### DATA SHOWN
________________

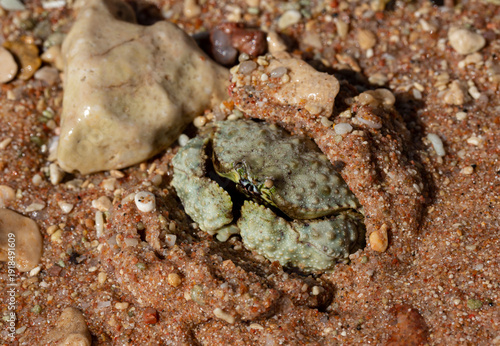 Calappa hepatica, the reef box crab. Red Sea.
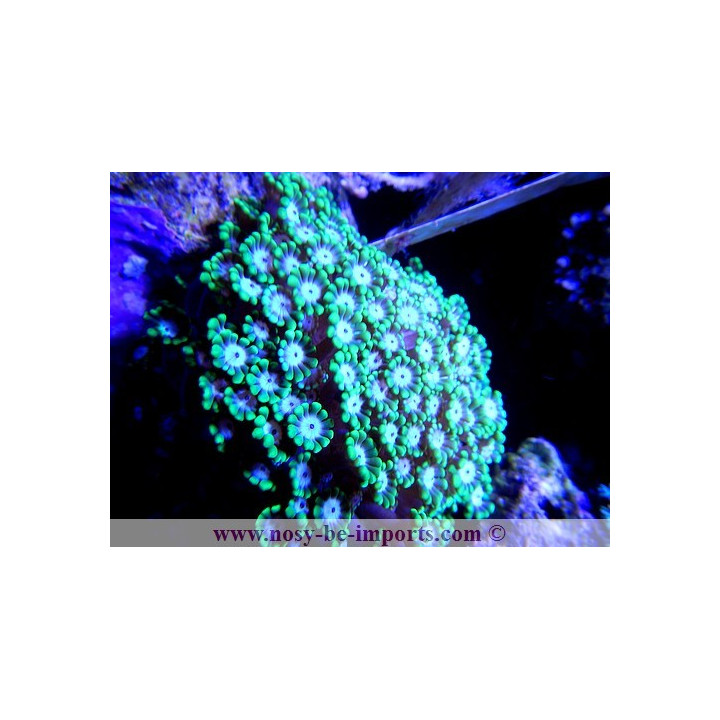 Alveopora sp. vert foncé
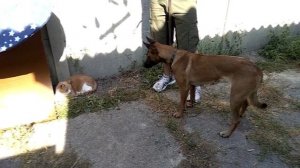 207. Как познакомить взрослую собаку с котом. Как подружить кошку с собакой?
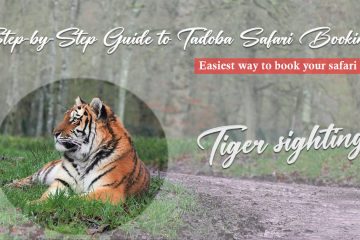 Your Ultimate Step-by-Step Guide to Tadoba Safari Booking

________________

### REQUIREMENT
Set the preceding data down again word for word, omitting images.

### PROBLEM SOLUTION
 Calappa hepatica, the reef box crab. Red Sea.
 Alveopora sp. vert foncé
 207. Как познакомить взрослую собаку с котом. Как подружить кошку с собакой?
 Your Ultimate Step-by-Step Guide to Tadoba Safari Booking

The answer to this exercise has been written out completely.